Sun 2 Jan, 2005 07:22 am
Meself and the lady Diane eat dinner out quite a bit and have noticed a disturbing trend. We tend to eat at the same 6 ot 7 resturants several of which are slightly upscale national chains. You all know the line "Hello, my name is blah blah blah and I'll be your server tonight" your server takes your order, then some schlep from the kitchen actually brings the food not knowing who ordered what (he/she has a table number) then some other schlep may or may not refill your water/tea/coffee whatever and then some other schlep clears the table when you may or may not appear to be finished and finally "your server" appears on the scene to offer dessert and your bill. This is the sticky part because this is the time to add in the tip. Well, who in the hell are you tipping, one or all of the schleps or "your server" whom you'ver rarely seen? Is this the new trend in dinning? We now seek out the familiar dinning spots where you actually deal with "your server" rather than a cadre of schleps.

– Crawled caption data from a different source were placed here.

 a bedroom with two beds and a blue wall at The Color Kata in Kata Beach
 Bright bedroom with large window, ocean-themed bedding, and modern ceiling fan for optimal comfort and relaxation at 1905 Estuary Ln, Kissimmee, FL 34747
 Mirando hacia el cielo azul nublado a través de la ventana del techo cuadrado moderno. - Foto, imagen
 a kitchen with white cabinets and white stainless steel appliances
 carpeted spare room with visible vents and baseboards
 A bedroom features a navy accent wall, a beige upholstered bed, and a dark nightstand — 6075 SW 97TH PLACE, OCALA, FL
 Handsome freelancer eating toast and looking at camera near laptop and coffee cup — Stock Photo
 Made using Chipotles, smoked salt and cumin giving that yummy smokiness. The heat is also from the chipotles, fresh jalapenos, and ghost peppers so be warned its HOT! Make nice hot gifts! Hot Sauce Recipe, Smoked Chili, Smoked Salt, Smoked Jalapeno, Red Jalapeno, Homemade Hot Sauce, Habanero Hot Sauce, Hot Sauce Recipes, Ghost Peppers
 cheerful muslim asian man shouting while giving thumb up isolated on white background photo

well yeah. anyway my intended point was not so much the tip but the really seriously down-sizing of service. We usually get great service from a local hamburger joint "hey, just get a table you like and we will be right over with your food"

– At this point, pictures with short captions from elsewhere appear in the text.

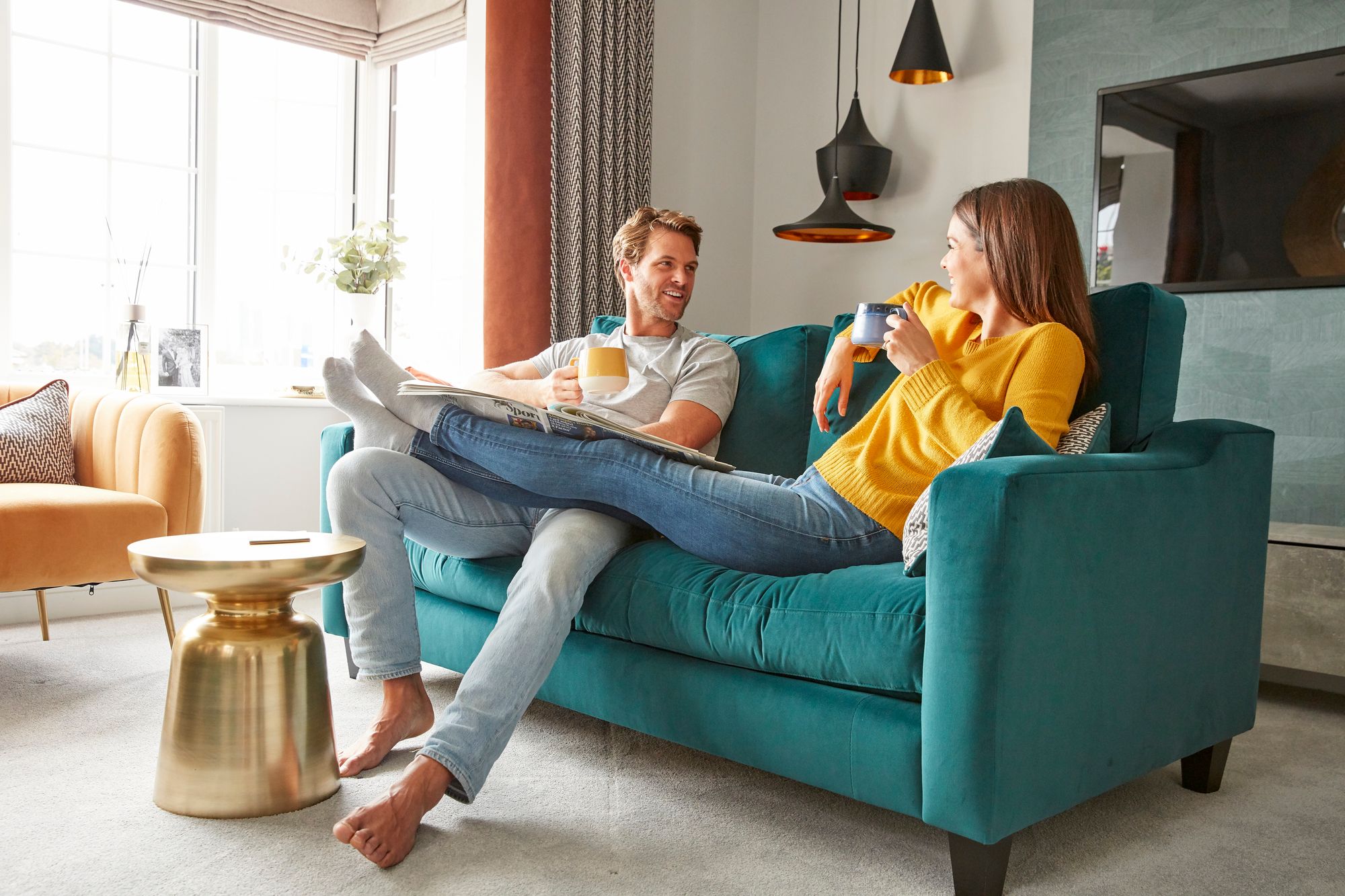 A man and a woman talking sitting on a turquoise sofa in a show home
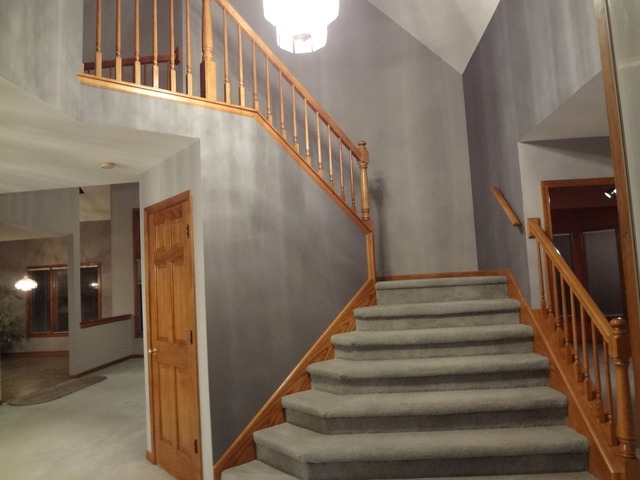 13336 Round Barn Road Plainfield, IL 60585 - Photo 2 of 25 a view of staircase with lots of frames on wall and a window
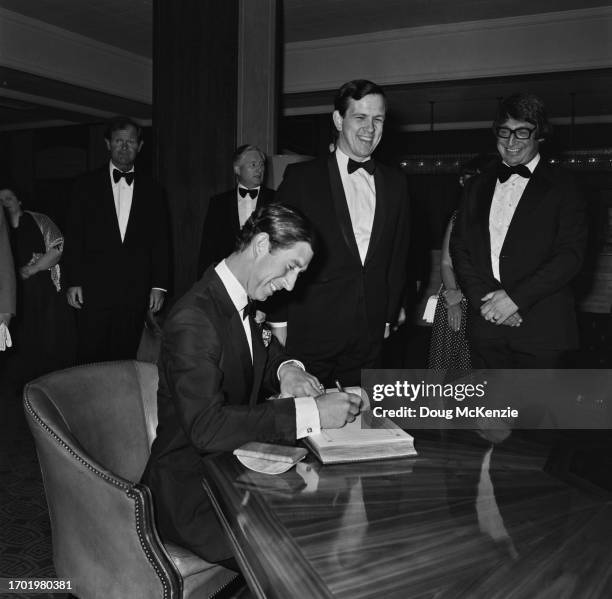 British Royal Charles, Prince of Wales, wearing a tuxedo and bow tie, smiles as he sits signing a guest book, with two men laughing beside the table...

dys- I think that "down sizing" of service is really a trend. I am not sure if it has to do with the quality of the young people in service jobs, or the management not demanding that their staff provide good service.
Now I am really going to sound like an old fart. You know that I live in a retirement town. I shop in Publix, which is a big super market chain down here. During the day, the checkout and bagger staff is manned predominantly by part time retirees. Later on in the day, and in the evening, the young people take over. I have perceived an appreciable difference in the quality of service provided by the older workers, than the younger.

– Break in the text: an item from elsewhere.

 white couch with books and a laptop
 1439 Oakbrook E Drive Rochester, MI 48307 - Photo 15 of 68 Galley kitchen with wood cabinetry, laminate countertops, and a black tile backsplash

Well maybe your right Phoenix but I don't really see a correlation of age to "service" at least where I live. What I do see is a management agenda of getting the most peeps served with the least time/enegy spent per peep. I have received as good or even better service from very young as well as older.
dys- You are right about, "get 'em in, get 'em out" type of mentality. I think that you find that a lot in the "middle of the road" restaurants. In the few times that I have been to really upscale restaurants, the emphasis WAS on service, you were not rushed, and the servers WERE attentive. You paid a premium for the service.
In your mid-price restaurants, I think that the emphasis is on volume.
I prefer individual restaurants over chains, however
the one-in-all service you'll find in smaller places out here.
We have a little french restaurant here I frequent often,
and there one is brought to the table by the host, the
busboy serves water and clears the table inbetween courses,
the server takes orders and plays "host" of the table, asking if everything is in order and so on, but he won't bring the
food to the table, this is done by the busboy again. The
server will come back and take your order for dessert and
after dinner drinks, but it will be served by someone else
again. The bill is delivered by the server again.
One is pampered and every meal is enjoyable there, every
restaurant employee has its own job and I think that's perfectly all right.
The tips are pooled and everyone gets his fair share.
Pho - I doubt it's the servers' fault. I think that restaurants, like most other buisnesses have learned to become as efficient at making money as they can be. I dunno how, but this trend must have something to do with money - the tables turn over more quickly?
Not necessarily littlek.
In Europe for instance, waiters come to their profession
through an apprenticeship. They learn what wine is
recommended for different meals, which side to serve from,
how to handle difficult clientel and so on. Waiters are
there to take the orders, see that the customers needs
are taken care of and plays host/ess to the restaurant goer.
Clearing tables is not necessarily part of a waiters job,
any good restaurant owner would rather have the waiter
attend to the customers instead of using valuable time
and money (waiters cost more) to have them clear up and
It's just a matter of running a restaurant as cost efficient
as possible. A good restaurant does not care about the
turn-over. In fact, I go to european restaurants here because I can sit as long as I want to.
Unfortunately, many servers/waitpeople don't see their menial jobs as an opportunity to learn the restaurant business. They consider themselves unappreciated wage slaves, forced to toil for pennies in a hostile world.
I'd bet that the restaurants you're complaining about have a revolving door and massive turnovers in help.